AArch64 SVE on the other hand is quite new, and not widely available, so many programs might not use it at all. (Unless libc detects and uses it.) This isn't lazy context-switching for SVE for processes that are using it, only lazy init on first use. (Or on use after a system call if the kernel guessed that it might be done with SVE for a while.)

All the comments are consistent with the idea that do_sve_acc is only called to migrate state from FP/ASIMD to SVE on the first use of SVE, when there is no existing state. e.g. before do_sve_acc itself:

/*
 * Trapped SVE access
 *
 * Storage is allocated for the full SVE state, the current FPSIMD
 * register contents are migrated across, and TIF_SVE is set so that
 * the SVE access trap will be disabled the next time this task
 * reaches ret_to_user.
 *
 * TIF_SVE should be clear on entry: otherwise, fpsimd_restore_current_state()
 * would have disabled the SVE access trap for userspace during
 * ret_to_user, making an SVE access trap impossible in that case.
 */
void do_sve_acc(unsigned int esr, struct pt_regs *regs)
{
...

Footnote 1: "may optionally"?

I don't know if there's a heuristic or if in practice it always chooses to reset back to FPASIMD whenever possible. Having syscall-clobbered extended vector regs seems like a good design; most vectorized code wants lots of big vector regs for loops that don't involve system-calls or function-calls, maybe keeping some vector constants around between loops in the same function but usually without a system call in between. In a rare function that did make a system call between loops, perhaps futex for synchronization, code would have to assume SVE regs were destroyed, so either reload SVE constants or only vectorize with ASIMD.

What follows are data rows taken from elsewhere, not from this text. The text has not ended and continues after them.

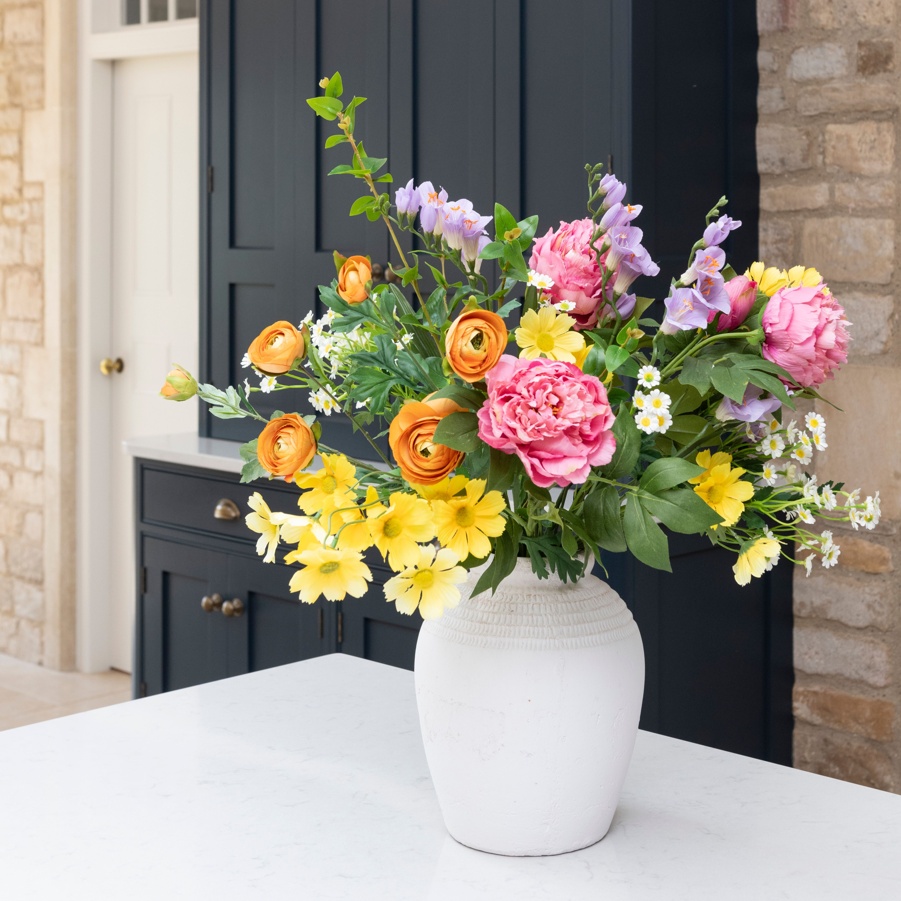Colourful Faux Peony & Daisy Bouquet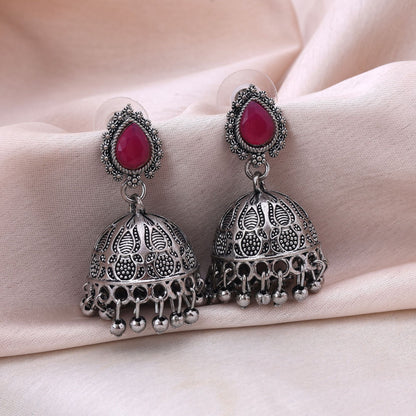 Attractive Rani Color Oxidised Earrings Designed For Brides, Festivals, And Ethnic Cultural Party Jewelry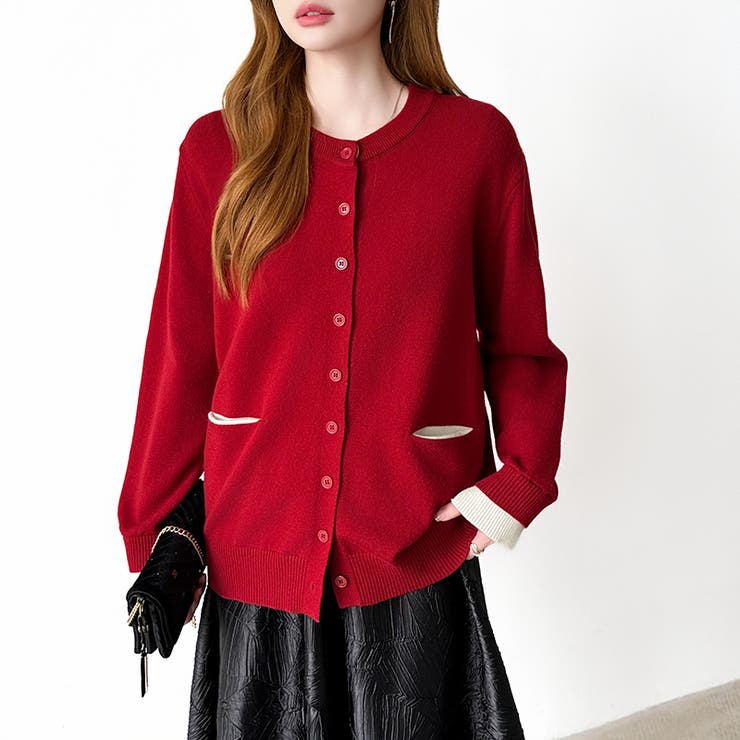 レイヤード風配色カーディガン 配色ニット バイカラーカーディガン | COCOMOMO | 詳細画像31 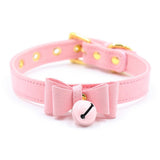 Maxbell PU Leather Bow Collar Necklace Choker with Bell Cat Cosplay Necklace Pink - Aladdin Shoppers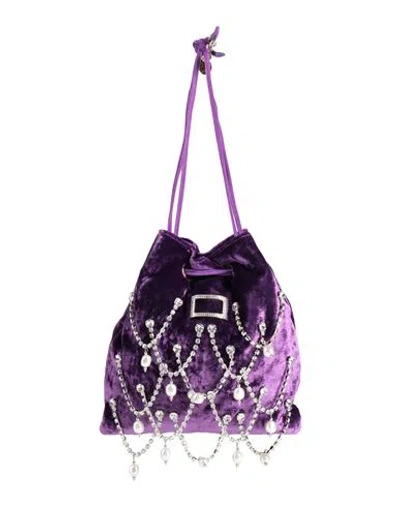 Roger Vivier Woman Handbag Purple Size - Textile Fibers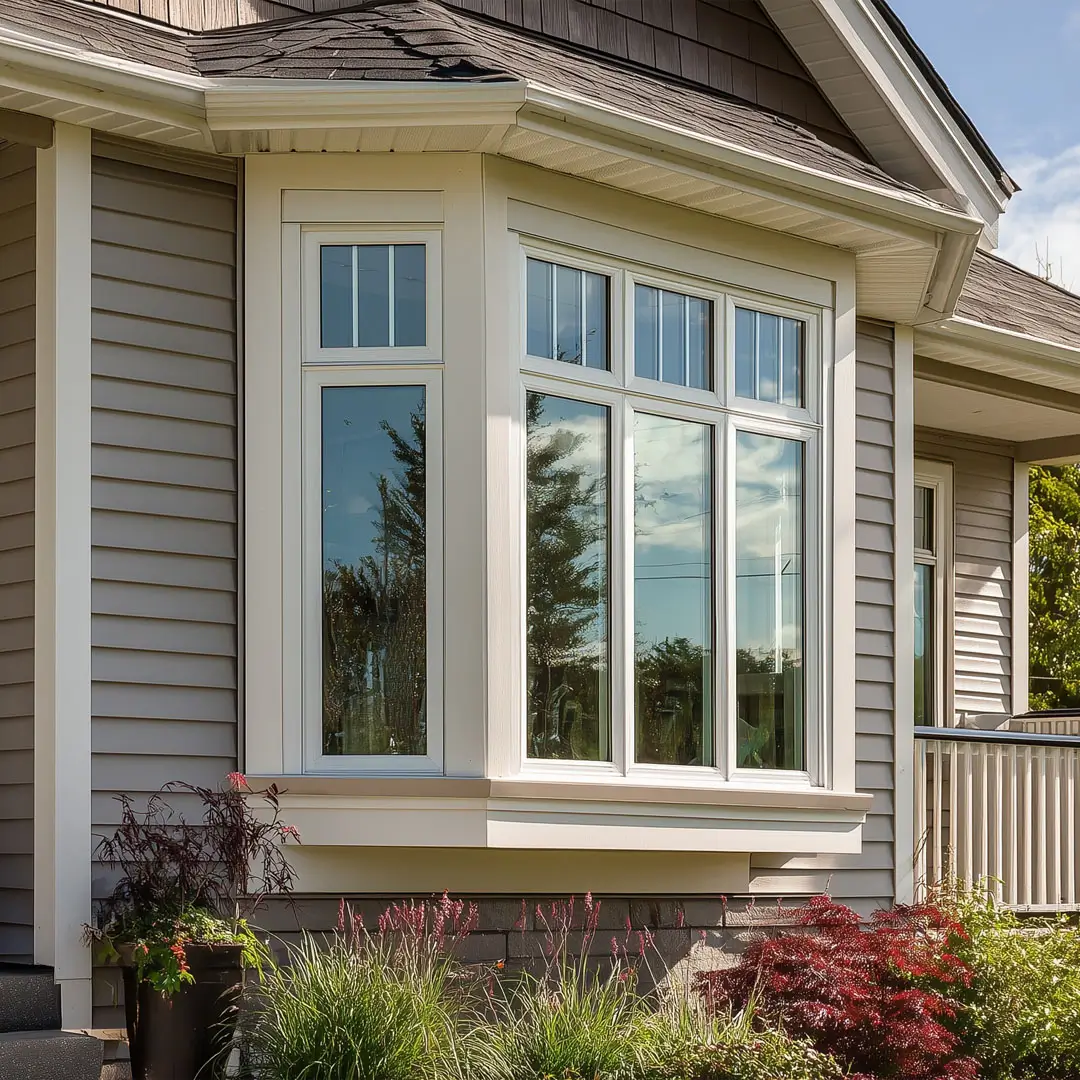 Exterior home renovation scene showing a bay window and siding repair, implying window replacement, trim work, and curb appeal upgrade.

The standard AArch64 calling convention does have some call-preserved vector regs, allowing some scalar or 128-bit vector values to stay in registers across user-level function calls, too. (e.g. https://godbolt.org/z/vrsn5n6d7). But I'm assuming the upper parts (SVE state beyond 128 bits) are call-clobbered so even if the kernel didn't clear uppers on system calls, you could only take advantage of it by manually inlining a system call in asm, not letting a C compiler call a libc wrapper function that follows the user-space calling convention.

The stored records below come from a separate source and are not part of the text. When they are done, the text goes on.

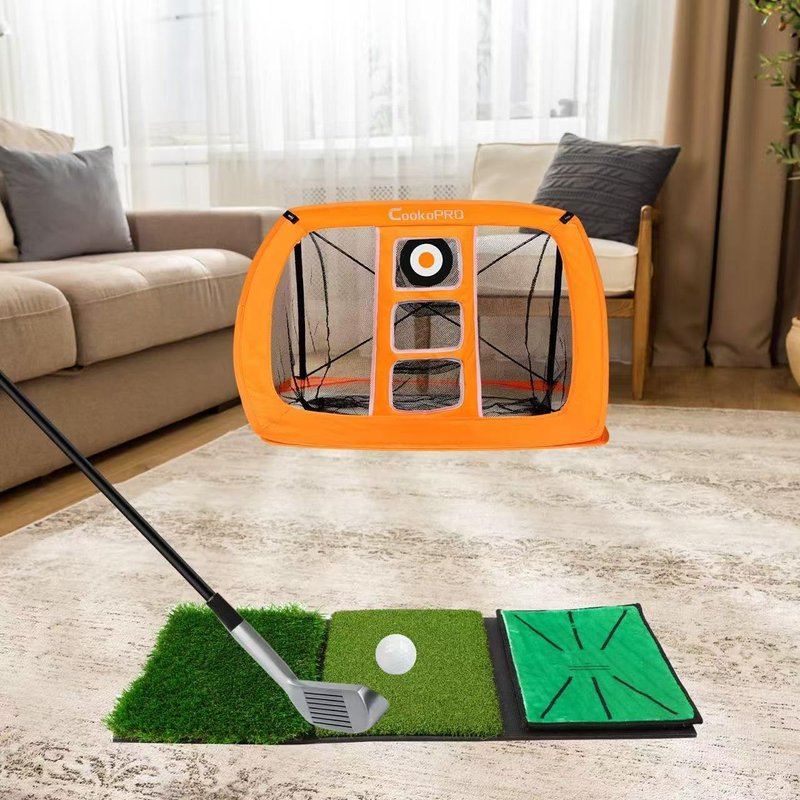 CookoPRO Golf Chipping Net Set,Pop Up Net with Durable Rubber Training Mat,10 Golf Tees,6 Practice Balls,6 Foam Balls and Carry Bag for Indoor & Outdoor Game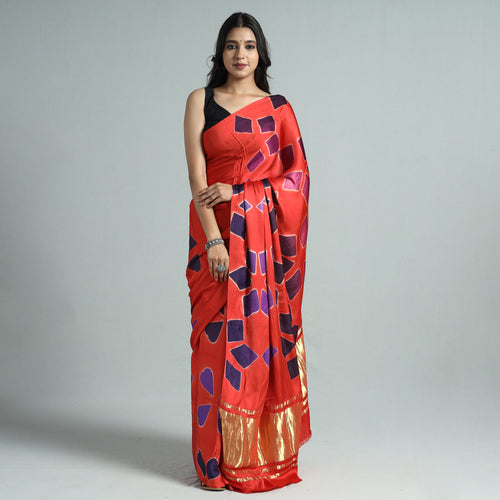 Red - Shibori Clamp Dyed Modal Silk Saree with Zari Border 03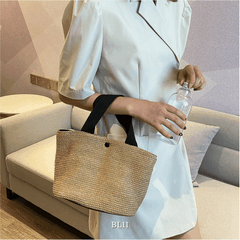 Túi tole cói may thủ công BL11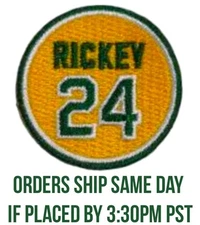 Rickey Henderson Memorial Jersey Patch  ~ A's Athletics ~ Dark Green Border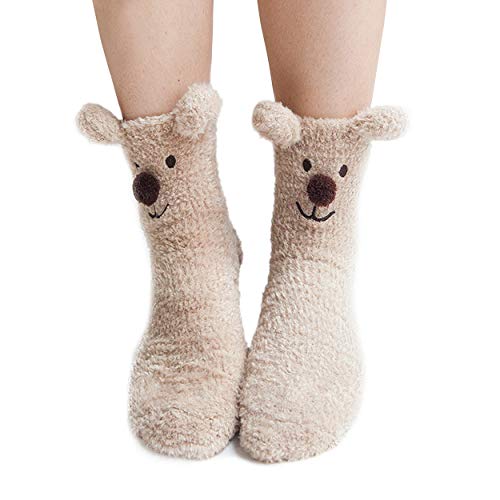 LEAPOP 1 oder 3 Paar Damen Socken Mädchen mit ABS Sohle Innenfell Extra dicke Haussocken Anti Rutsch Sohle Nette Tier Winter Weihnachtssocken (1 Paar (Bär)) von LEAPOP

So the cost is in the time it takes to trap the next time SVE is used. The kernel might try to notice that a process is frequently causing these traps, and/or that it spends little time in non-SVE context switches, and decide not to reset back to FPASIMD state on future system calls. That could avoid the worst-case situations for an always-reset strategy.

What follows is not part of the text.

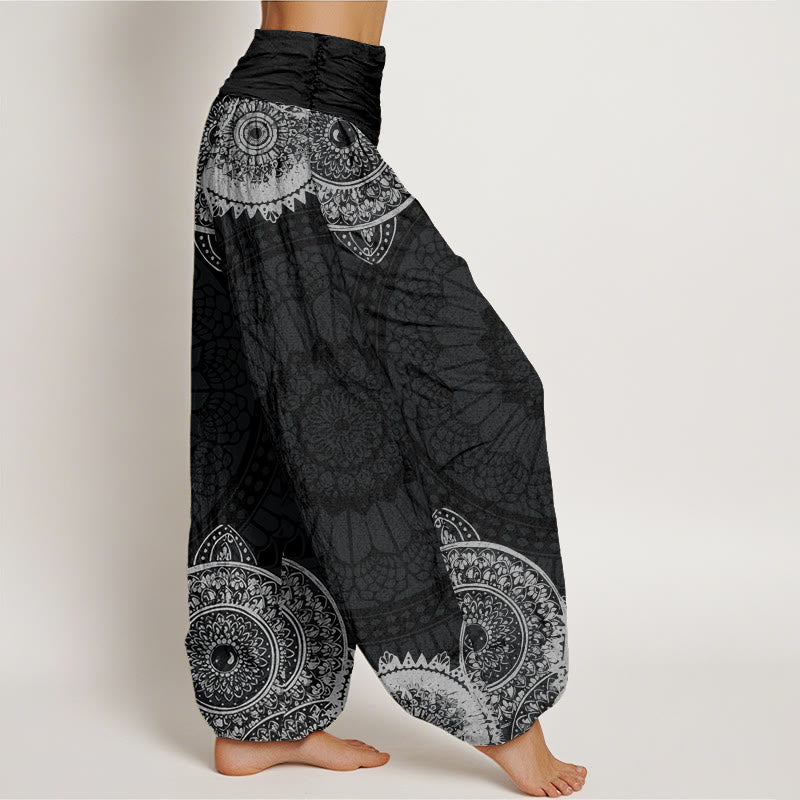 Buddha Stones Circular Mandala Design Women's Elastic Waist Harem Pants - image 3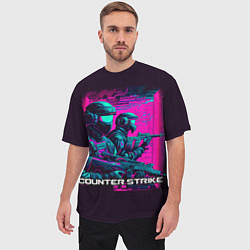 Футболка оверсайз мужская Cs Go neon, цвет: 3D-принт — фото 2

For many processes, SVE is never used, pure win to only do FPASIMD context switching, no traps. (But resetting from SVE to FPASIMD wouldn't be needed either.) For threads that don't make system calls and spend all their time doing SVE number crunching, they won't make any of these traps.

An adaptive strategy would be good for threads that have some phases of heavy use of SVE, but other phases of not using SVE, like running non-vectorized code or only ASIMD. (Like perhaps the SVE code was only in a library function, and other phases of computation don't use that library.) But only if they have a system call between phases. For threads that's probably not rare if they sleep and wait for notification from other threads. And in fact right as a thread goes to sleep is a great place to clear its SVE state, unless it's about to use SVE when it wakes up.

I'm just speculating here; hopefully there's some profiling data to back up whatever strategy Linux actually uses. It may change over time if glibc starts using SVE in strlen and memcmp for example, so more tasks will use SVE every timeslice. (If they don't do that already?)